# Hey everyone



## LilMizTinker (Apr 12, 2003)

Hey everyone. I have just registered on this wicked cat forum. I am 14 years old and have one cat who is beautiful! I will post a picture later in the next few weeks. Suki is 6 months almost 7 months old and very very active. She loves to play in the garden and when your out there with her she runs into a hiding place and pounces on you when your not expecting her to!  She is very affectionate and loving and she is very close to my mum and me. More to my mum. She purrs instanly when she sees my mum. I however am her playmate as she always loves to play when im around!

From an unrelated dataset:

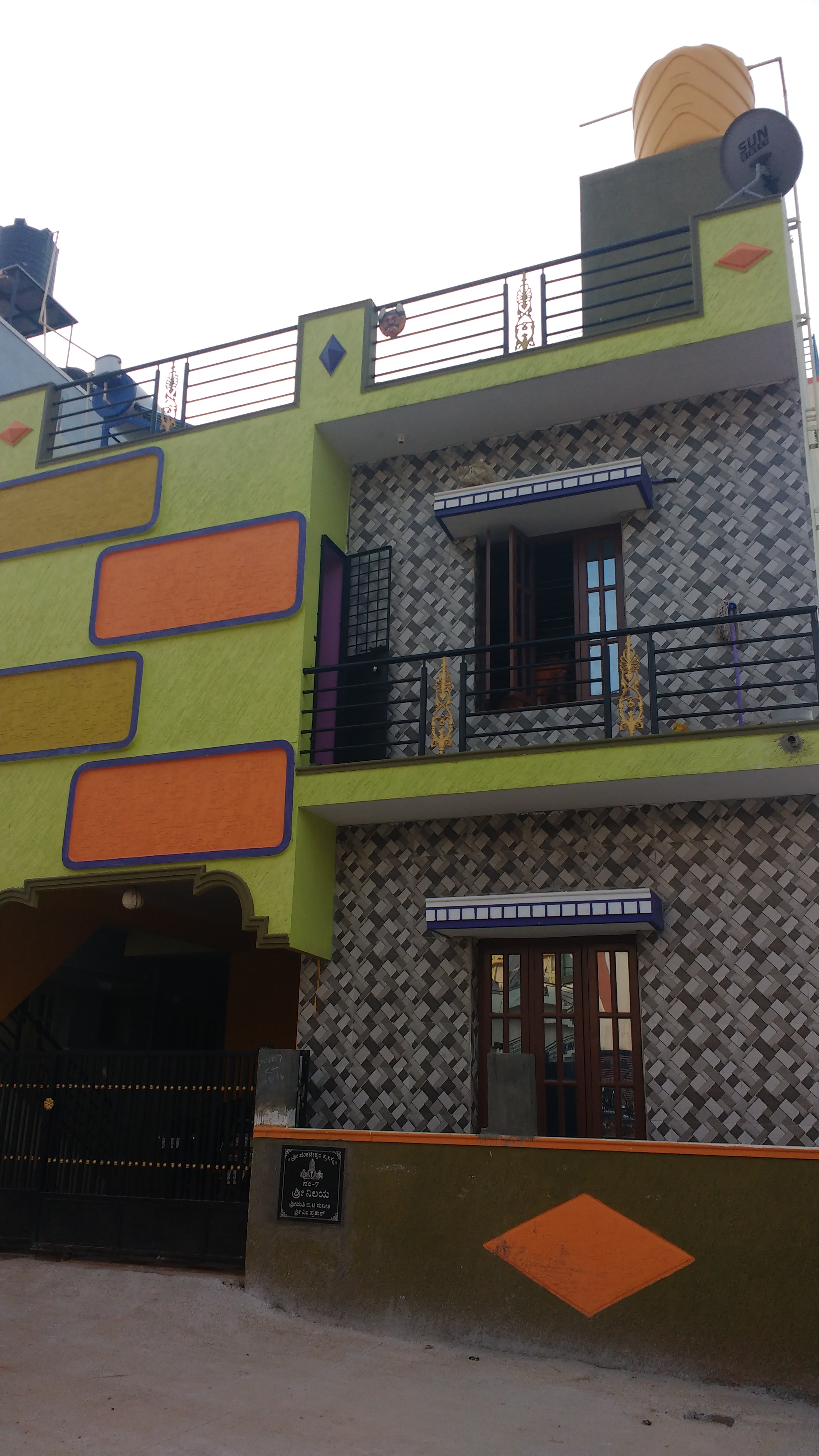 2 BHK Independent House for Lease Only in Chikkabidarakallu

She also sleeps with me at night and she curls right up to me and does that paw thing that cats do!  Anyway this cat forum is great and its nice to be able to talk to people who are also very connected to their cats.


----------



## lexxie109 (Jan 20, 2003)

Welcome to the Cat Forum LilMizTinker and nice to meet you and your kitty. It sure does sound like you have an adorable cat living with you. I can't wait to see some pictures of her!


----------



## LilMizTinker (Apr 12, 2003)

Hey lexxie, Thanx for the welcome. Suki sure is adorable. I will get some pictures for everyone some time soon.!!!!


----------



## don (Feb 26, 2003)

Welcome to the forum you will find this is probably the least wicked cat site around...the perfect place for you. You are probably the youngest and I the oldest members (I will be 70 on my next birthday) For 14 your write an excellent composition...even the spelling and grammer are excellent you probably make A in English...how about math?
I have one cat a dsh named Miss Kitty. She is a lot of company to me especially now that I am retired. I will post a link to an album of pictures of her. Don n Miss Kitty n Lauren (Lauren is my adopted granddaughter also a cat person but not a member of the forum)


----------



## LilMizTinker (Apr 12, 2003)

Thanx for the welcome Don! yes and no to an A in english and definately not an A in maths! I have just always been good at spelling and stuff like that as i have had my computer to practise on. Thanx for the welcome and i'm sure your cat is realy sweet.


----------



## Bengalsownme (Feb 26, 2003)

Hello LilMizTinker! Welcome!


----------